For this assignment, you’ll write your own Recommended Cover Letter Resources Guide, providing a brief summary of what each resource on your guide offers that you find potentially useful to people who need to write a cover letter template to use in the future.
You’ll need to research cover-letter-writing advice, using resources from the class LibGuide (Links to an external site.) page, FIU Handshake (Links to an external site.), and any other source you personally find helpful, finding the three items that make up your Recommended Cover Letter Resources Guide.
For each source on your list, provide a brief but specific summary of what that resource offers that you find potentially useful to people who need to write a cover letter template to use in the future.
Example:
|
General, vague summary |
A specific, useful summary |
|---|---|
|
This resource is good because there are lots of letters and examples that you can see to base yours off of. |
The article was published in the Harvard Business Review and starts with examples of how to write a strong opening sentence. It was published recently, so it includes helpful guidance on digital job applications. |
And finally, be sure that for each item on your Recommended Cover Letter Resource Guide that you provide the URL to that source –the URL (web address) that you provide will let your readers instantly connect to any source you list that they are curious to investigate themselves.
Checklist for your Recommended Cover Letter Resources Guide submission:
- List three Cover-letter-advice related sources,
- Provide a useful summary for each listed source, (This is where people often sacrifice points because their summary isn’t usefully specific.)
- Provide the URL (web address) for each, and
- Be at least 200 words long.
Here’s how you’ll be graded
Weekly Assignment Specifications Checklist
To earn all available points for the week’s assignment, your submission must include all elements listed below. If your goal for this course is to earn an A, be sure to check off your completion of each element.
Content
- Answers all parts of the assignment prompt and expresses ideas clearly and in your own words
- Demonstrates careful attention to the assigned reading (or viewing) and/or research
- Includes at least one quote from the reading (or viewing) and/or research.

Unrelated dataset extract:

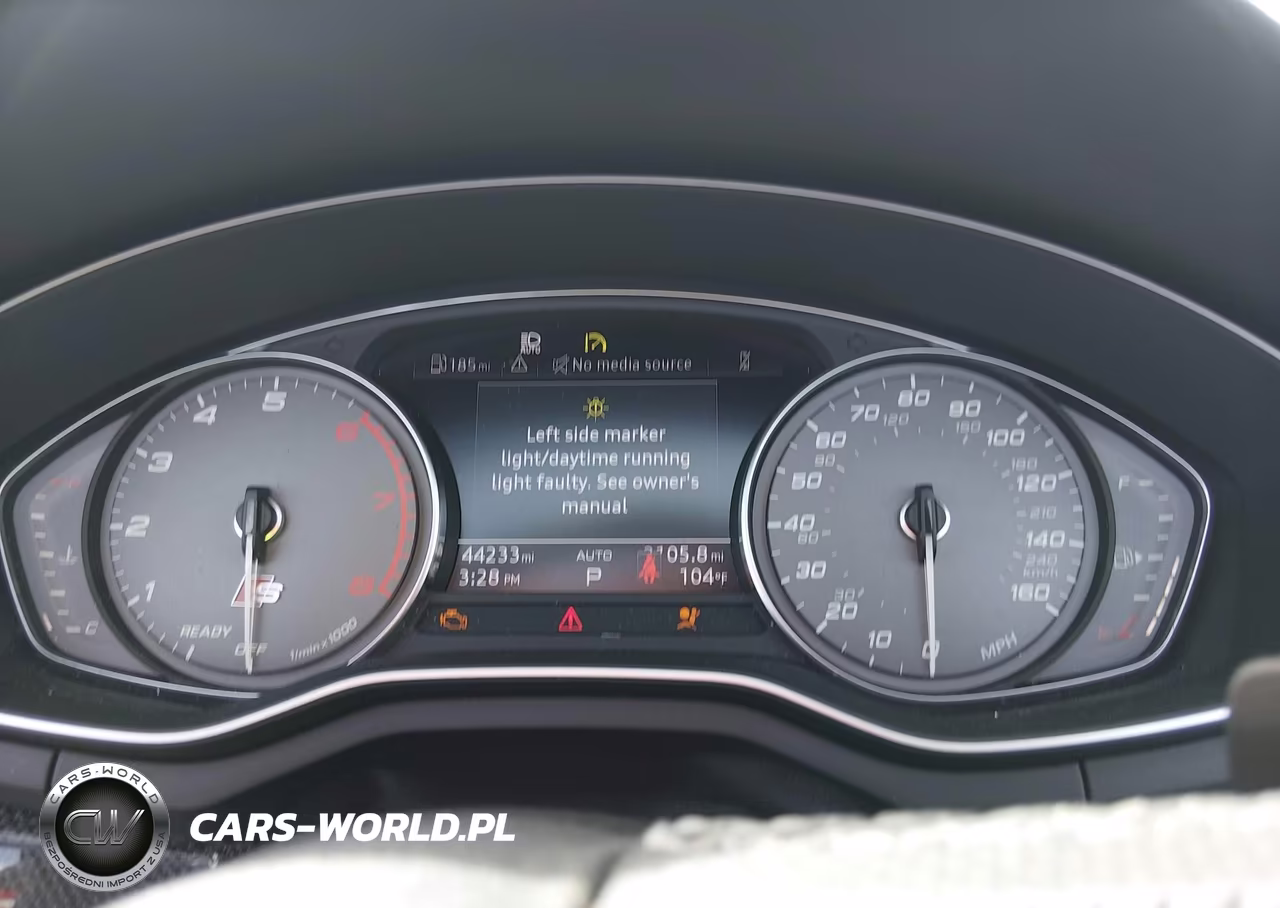 2022 Audi S5 Cabriolet Premium Tfsi Quattro Tiptronic VIN:WAU24GF59NN004760 - 7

- Entry must meet the word count minimum specified in the instructions.
Document Specs
- Follows standard professional document formatting (1" margins on all sides, double spacing, a professional font such as Times New Roman or Calibri, 12pt font)
- Submitted by the Due Date
Proofreading
- Demonstrates sufficient self-review to avoid careless errors like typos, misspellings, missing words, sentences without standard capitalization or punctuation.